It is hard to ask another person for help.  I would much rather figure out a way to help myself.  In American culture, we honor and support this idea.  We even have a saying (as inaccurate as it is) that, “God helps those who help themselves.”

On Sunday, my pastor taught on the very end of Ephesians, where the Apostle Paul says his good-byes.  He pointed to Ephesians 6:23 where Paul concludes with three things:  Peace, Love, and Faith.  These are perhaps intended to be his final words to them and thus the legacy that he desires to leave.
Our pastor then challenged us with this question: Am I leaving the same kind of legacy?  Am I blessing others with peace, love, and faith?

So today, I have been thinking about this notion of Peace.  American Christianity is often associated more with bickering and political strategizing, so I find it hard to point to a good example of this peace.  My own life (as any of my readers know) has the internal chaos of depression and anxiety.  That’s the opposite of peace!

The Baker Encyclopedia of the Bible defines Peace as "Total well-being, prosperity, and security associated with God's presence"  A quick glance at most popular Christian television shows and books suggests that Christians today are pretty focused on well-being, prosperity, and security.  But would we say that is Peace?

Did the Baker Encyclopedia get it wrong?  After all, a major struggle for me as always been to find peace with myself, and one need not look far for examples of those whom enjoy the most prosperity having this same struggle.

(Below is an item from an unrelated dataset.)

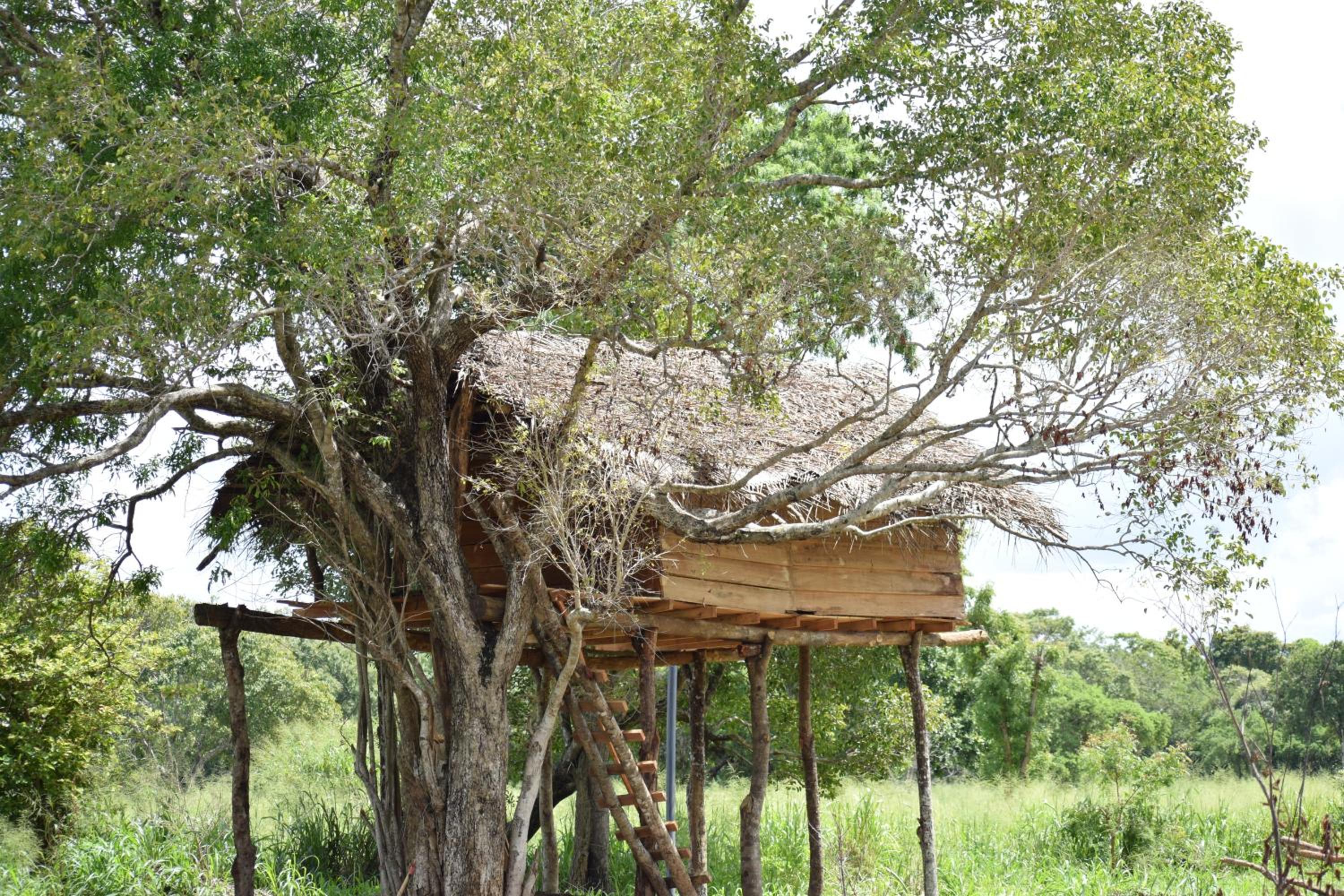 Habarana Wildwood Treehouse view 4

There are two missing keys here.  The first is right in front of me in the Baker definition:  Total well-being, prosperity, and security associated with God's presence.  So often, we think of our faith as something we use to attain things like well-being, prosperity, and security, and we get frustrated when despite our best efforts at believing, these things are still lacking.  That is because we are striving for a notion of peace that is found apart from God.   Seeking God's usefulness is not the same thing as seeking God's presence.  I would imagine the difference is something like the difference between sitting in a room, talking with a good friend, and sitting in a room, barking orders at my good friend so that he is reduced to being my butler.

This leads to the other missing key, that peace is something to be shared.  For the Christian, the way to experience God's presence is found far more often in gathering with other believers than it is in being alone.  This is the necessary value of the church.  If our desire for our well-being, prosperity, and security leads to making God our butler, then it will also lead to the church becoming nothing more than a supply closet.  It becomes a place we go when we feel we need something.  However, if we are seeking God's presence then the church is no longer a place but those fellow believers where we experience that presence together.  In the New Testament, the word for "Church," always refers to a group of people rather than place or building.  It would be hundreds of years later, and sometime around when Governments started to see Christianity as a tool for political power, that the use of the word changed.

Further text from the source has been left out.